Above all he must be patriotic; a lover of his fellow-countrymen, of his country's history, of its institutions, its ancient monarchy, its great parliamentary traditions, its fairness, its tolerance.
All these things were innate in his own disposition. But he steeped himself in them, as the part which it was his duty to play as Prime Minister, and they became more deeply ingrained in consequence.
It was thus in part Stanley Baldwin the actor—a man whose radio-ideal voice was said to be `delightfully modulated' and who was known for taking the greatest of care in selecting the words he spoke—who rose before his quietening audience. He was to deliver a speech which, if by no means the most important of his long career, must surely have been one of the most pleasurable, both to utter and to hear. He was there for no less a task than to propose a formal Toast of Gratitude and Admiration to the Editors and Staff of what was to be formally and unforgettably called The Oxford English Dictionary—for the twelve mighty tombstone-sized volumes were now, and after 70 long years of terrible labour, fully and finally complete. The first two sets had been made and formally presented: one had gone to King George V, the other to the American President, Calvin Coolidge. Downing Street had been obliged to purchase its own official set for Mr Baldwin—and rarely, he later said, did a day go by when he did not consult it.
In 15,490 pages of single-spaced printed text, and at long, long last, all 414,825 words that the then Editor-in-Chief, Professor Sir William Craigie—this Derby Day newly knighted, and newly blessed with an honorary degree (which Oxford had bestowed on him the day before) and now positively beaming with pride from his place to the Prime Minister's left—all the words which Sir William and his colleagues had amassed and catalogued and listed and annotated and which were thus far in their sum reckoned to make up all that was then known of the English language, had now been fully and properly defined, their preferred and variant and obsolete spellings all listed, their etymologies all recorded, their pronunciations suggested, required, or demanded.
There were in addition no fewer than 1,827,306 illustrative quotations listed—selected from five million offered by thousands of volunteer readers and literary woolgatherers—that showed just how and when the uses and senses and meanings of all of these words had begun and evolved and then, in the nature of the English language, had steadily and ineluctably reshaped and reworked themselves. These were essential: the millions of words from these quotations offer up countless examples of exactly how the language worked over the centuries of its employment, and by their use they mark the OED out as the finest dictionary ever made in any language, and made, as it happens, of the language that is the most important in the world, and probably will be for all time.

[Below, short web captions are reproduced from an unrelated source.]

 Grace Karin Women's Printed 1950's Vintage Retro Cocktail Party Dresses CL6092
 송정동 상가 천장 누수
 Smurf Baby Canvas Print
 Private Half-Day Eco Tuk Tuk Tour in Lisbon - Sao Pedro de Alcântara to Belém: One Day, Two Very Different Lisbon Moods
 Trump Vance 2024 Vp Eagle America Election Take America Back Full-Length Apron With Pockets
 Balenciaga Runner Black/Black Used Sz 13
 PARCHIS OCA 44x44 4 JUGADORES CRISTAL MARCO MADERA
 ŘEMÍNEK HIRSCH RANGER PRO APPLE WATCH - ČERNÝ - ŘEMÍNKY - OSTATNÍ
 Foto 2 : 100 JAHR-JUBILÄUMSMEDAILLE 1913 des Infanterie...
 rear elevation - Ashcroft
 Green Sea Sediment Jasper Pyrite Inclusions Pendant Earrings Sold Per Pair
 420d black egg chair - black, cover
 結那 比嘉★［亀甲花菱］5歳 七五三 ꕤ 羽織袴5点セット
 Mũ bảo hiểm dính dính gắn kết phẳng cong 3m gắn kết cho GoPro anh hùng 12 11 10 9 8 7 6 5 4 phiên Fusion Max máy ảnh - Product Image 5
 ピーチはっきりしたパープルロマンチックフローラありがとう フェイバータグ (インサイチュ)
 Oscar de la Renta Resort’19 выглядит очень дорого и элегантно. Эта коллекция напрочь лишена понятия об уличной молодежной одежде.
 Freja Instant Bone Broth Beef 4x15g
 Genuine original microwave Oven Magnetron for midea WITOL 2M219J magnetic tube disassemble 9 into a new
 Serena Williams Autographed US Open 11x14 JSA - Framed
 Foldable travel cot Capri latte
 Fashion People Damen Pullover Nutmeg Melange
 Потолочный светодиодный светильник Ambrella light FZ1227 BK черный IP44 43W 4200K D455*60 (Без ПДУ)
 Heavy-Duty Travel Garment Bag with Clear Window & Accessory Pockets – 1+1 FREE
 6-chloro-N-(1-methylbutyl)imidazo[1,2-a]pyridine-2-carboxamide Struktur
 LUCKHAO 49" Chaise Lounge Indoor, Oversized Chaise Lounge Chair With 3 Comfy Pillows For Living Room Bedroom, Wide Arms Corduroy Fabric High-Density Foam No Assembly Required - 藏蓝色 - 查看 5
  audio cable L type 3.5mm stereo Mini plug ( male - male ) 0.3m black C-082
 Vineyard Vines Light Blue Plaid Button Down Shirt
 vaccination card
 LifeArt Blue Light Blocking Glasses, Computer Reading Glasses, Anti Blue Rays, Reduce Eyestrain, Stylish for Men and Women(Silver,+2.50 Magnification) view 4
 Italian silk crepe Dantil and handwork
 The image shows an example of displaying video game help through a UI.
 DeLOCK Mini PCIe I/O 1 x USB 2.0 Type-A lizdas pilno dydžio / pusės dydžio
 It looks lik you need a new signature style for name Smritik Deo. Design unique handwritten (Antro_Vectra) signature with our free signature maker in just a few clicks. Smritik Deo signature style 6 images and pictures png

And the work that was unveiled during that glittering Goldsmiths' summer evening was not simply magnificent in its unrelenting scholarship: it was almost unbelievably big—fat, heavy, shelf-bendingly huge—as a monument to the labour of those who fashioned it. A total of 227,779,589 letters and numbers, occupying fully 178 miles of type, had over the 70 years just now ended been corralled into place between the thick blue or red morocco covers of the first editions of this unanswerably monumental book.
Dr Craigie and his staff—and the memories of many who had not lived to see their project finished, not the least of these being the great James Murray and Henry Bradley, whose names will deservedly be rather more intimately connected than is Craigie's with the making of the Dictionary—were all there to bask in their rightly earned glory, and to accept the gratitude of a grateful nation. And Mr Baldwin, more fully aware than most of the special significance of his task, rose to the occasion with an eloquence quite suited to the moment. It was a long speech—though read today, so many decades after its delivery, it seems fresh and interesting and not at all tedious—and there is much to savour in it. Most of all, its closing paragraphs.
Lord Oxford once said that if he were cast on a desert island, and could only choose one author for company, he would have the forty volumes of Balzac.
I choose the Dictionary every time. Like Ezekiel in the valley of dry bones, I should pray for the four winds to breathe upon those words, that they might emerge and stand upon their feet an exceeding great army. Our histories, our novels, our poems, our plays—they are all in this one book. I could live with your Dictionary, Dr Craigie. I choose it, and I think that my choice would be justified. It is a work of endless fascination. It is true that I have not read it—perhaps I never shall—but that does not mean that I do not often go to it.
Let me remind you of those words which Dr Johnson used in his famous Preface about translators in his time, and which I think are apt today: `If the changes that we fear be thus irresistible ¼ it remains that we retard what we cannot repel; that we palliate what we cannot cure. Life may be lengthened by care, though death cannot be ultimately defeated; tongues, like Governments, have a natural tendency to degeneration; we have long preserved our constitution; let us make some struggle for our language.'
It is in that great spirit of devotion to our language as the great and noble instrument of our national life and literature that the editors and the staff of the Oxford Dictionary have laboured. They have laboured so well that, so far from lowering the standard with which the work began, they have sought to raise it as the work advanced. They have given us of their best. There can be no worldly recompense—except that every man and woman in this country whose gratitude and respect is worth having, will rise up and call you blessed for this great work. The Oxford English Dictionary is the greatest enterprise of its kind in history.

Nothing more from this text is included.